Wherever vendor-partner strife exists (and where does it not?) sooner or later someone drags out the vaunted "Rules Of Engagement."
In theory, these regs set out how disputes between a direct sales person and a channel partner should be resolved. But preferably they nip such strife in the bud. Unfortunately that rarely happens.
Oracle made much of its rules, or what it termed "guiding principles" re-published last year. They were not new but tweaked, and cynics among Oracle's partner corps insist they were just a warmed-over rehash of what Oracle has said before, to little affect.
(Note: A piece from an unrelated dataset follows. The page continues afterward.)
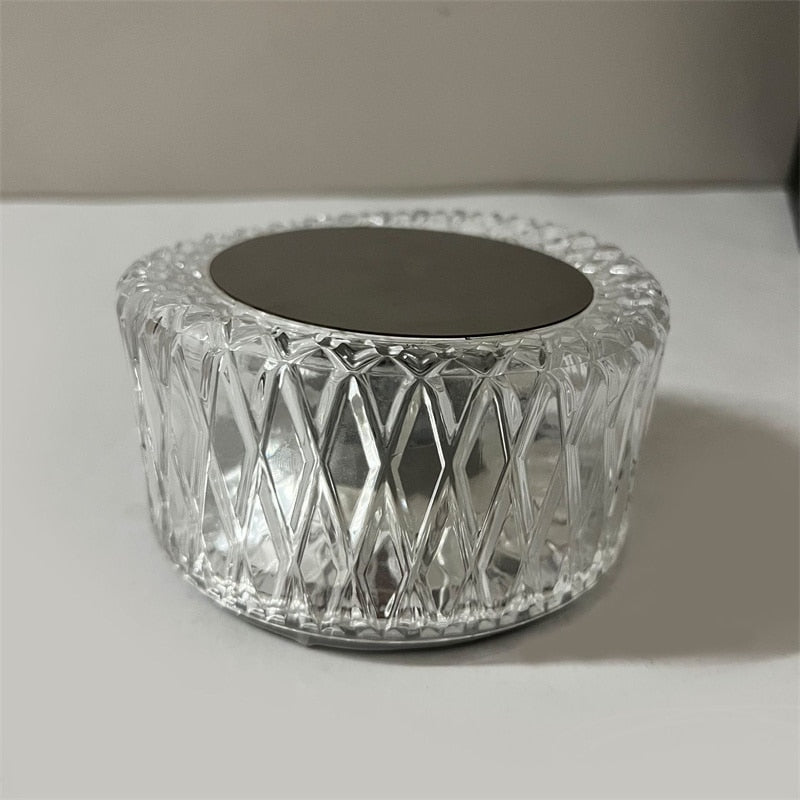 Crystal Bird Cage Desk Lamp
But at least Oracle put some lines in the sand. For example, the company "will place a priority on identifying and working with partners that demonstrate a commitment to marketing, selling and/or implementing Oracle solutions." That would be rule, er, I mean, GUIDING PRINCIPLE Number 2.
However, partners say Oracle sales peeps can be creative when it comes to dealing with these lines. They maintain that often when a customer contacts Oracle on pricing or other bare-bones data, some Oracle sales people later claim that as a house account when a partner tries to register the deal.
Guiding Principle 4 is thus of special interest: "In all cases, Oracle will actively compete for new customers and, above all else, will respect customer choice. The end customer will be the final arbiter for who sells or implements the solution." Clearly, that is a recipe for conflicts.
Oracle channel VP Rauline Ochs says the secret in such situations is to escalate the issue to higher powers. To her. Or Charles Phillips. Oracle's co-president Phillips has also recommended that partners take that tack.
Coming out of the latest sales reorg that puts Ted Bereswill in charge of all North American database sales, hope springs again for peaceful and fruitful coexistence. Ted is known as a channel guy. Partners sure hope so.
Idiots Then And Now?
Renee Blodgett pulled together a nice little soiree last week for Boston-area journos and others at Sydney's near MIT.
Great to see some old buds, including Vadim Yasinovsky who, reminded a few of us of an infamous quote he made years ago. If you should Google Vadim's name (correct spelling helps) and the word "idiot" you will find a Computerworld story quoting Vadim on Microsoft's penchant then and now for pre-announcing products and technologies that then take what seems to be eons to ship. In the meantime developers, and their products, suffer.
Of Microsoft's claims at transparency, Yasinovsky said back in 1994 when he was president of Clear Software, a maker of flow-charting software: "If you believe their press releases, then you probably deserve whatever happens to you...If you don't learn from history, then you are an idiot by definition."
Pacman Turns 25
Here's one that can make you feel aged:
Pacman, one of the best early video games, turned 25 last week. Not only that, there's a Pacman rebirth on tap: Apparently a virtual version of the game is afoot. You too can slap on some kind of headgear and battle ghosts in the real world.